森下裕道氏: どうして書くようになったかと言うと、お店をやっていた時に、本部に行ったんです。本部に行って教育をする立場になった時に、上手く教育ができなかったんです。それは何故かと言うと、お店の部下たちには感覚で教えていたというところがあったんです。同じ現場にいたので、匂いで「これはこうだ」という感覚的に教えていたんです。でも「どういう仕組みで売り上げが上げられるのか?」とか、「こういうお客様にはどうやって褒めればいいのか?」というのが論理的に説明できなかったんです。それをよく考え、論理的に説明できるようになって、「こういうのって面白いな」と思うようになりました。本部では社員研修もたくさんやったんですが、それよりも、アルバイトさんたちの研修を多く行いました。店長たちに言っても、なかなかそれを下に伝える能力がなかったりするので変化に時間がかかるのですが、アルバイトさんたちはモロ現場に反映しているので即変わっていくんです。不採算店舗のアルバイトさんたちは、教育を受けていないのもありますが、みんなからできないと言われていたりしている人が結構多かったんです。だから、そういった人たちが変わってできる人になっていく様子を見て、「これは面白いな」と思いました。でも、独立するために講演をしたいと思いました。講演をやるためには本を書かないといけない、と思ったところもあります。

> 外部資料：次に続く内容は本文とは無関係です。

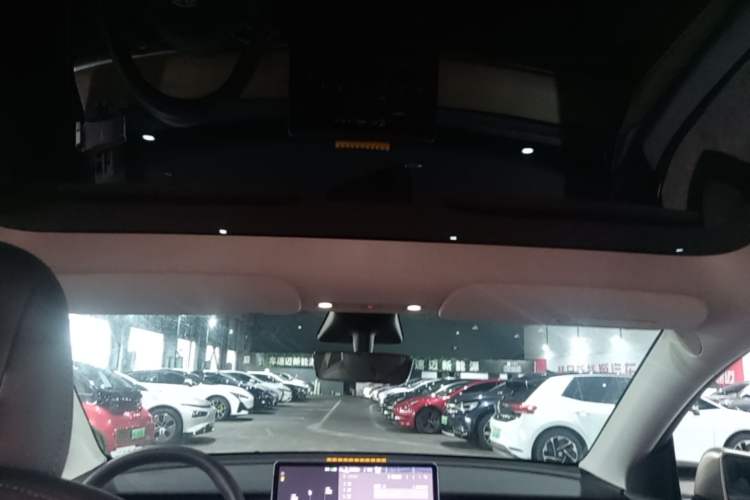 Used Tesla Model Y 2021 Standard Range Rear-Wheel Drive Version Headliner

――執筆が苦手だとおっしゃっていましたが、どのようにして書き始めたのですか?
森下裕道氏: 自分でしゃべった音声を自分で文字に起こしたんです。なので、僕の本は全て会話調。だから、本を読むのが苦手な人や、なかなか本に馴染みが無いという人、活字から離れている人でも少しは読みやすいのかなとは思います。
――執筆に対する思いはありますか?
森下裕道氏: 自分の思いを伝えたいっていう思いがあるんですが、人は変わりたいと思えば変われるんだとか、ちょっとしたことを心掛けるだけでこんなにもハッピーになれるんだとか、これだけ接客って面白いんだよとか、そういったことを伝えたいんです。
本を読んでくださって、「変わった」とか言ってくれたりお手紙をもらえたりすることもあって、僕はそれが凄くうれしいんです。
意識を変えることで、全てが変わる
――良い編集者さんというのはどういった方だと思いますか?
森下裕道氏: 「すごく上手だな」と感じる編集の方もいます。“1章10日間で締め切ります”と言われたことがあるのですが、「ちょっとくらいなら延びてもいいかな」って思ってたんです。でも、その編集者さんが僕をうまく褒めるんです。「ああ~!これはとても勉強になりました。次はどうなるんですか?」と盛り上げてくれる。そうすると、早く続きを書こうという気になりますよね(笑)。「その編集者さんのためにも頑張ろう」と思い、書きあげました。一読者として褒めてくれるのは、やっぱりうれしいですよね。
――森下さんの使命は、どのようなことだと感じられていますか?
森下裕道氏: やっぱり変わりたいと思っている人たちを変えるお手伝いをしてあげること。自分のことをダメだと思っている人、自分のことをアンハッピーだと思っている人を、僕は一緒になって変えていきたいんです。本人たちが変わりたいと望んでいるなら、変わっていけると思っています。僕と触れ合った人が少しでも明るくなってくれたりだとか、少しでも自分のことを好きになったりだとか、少しでも自分の身近な人を大切にしようと思ってくれれば、全てが変わってくると思うんです。今、人間関係などで悩んでいる人ってすごく多いじゃないですか。もちろんそういう時代だということもありますが、ちょっとした考え方や立ち位置を変えるだけで、すごく変わってくるんです。ただそれだけの気づきで変えていけるというのを、教えたいし、一緒になって考えていきたい。また、僕も一緒に学びたいなと考えています。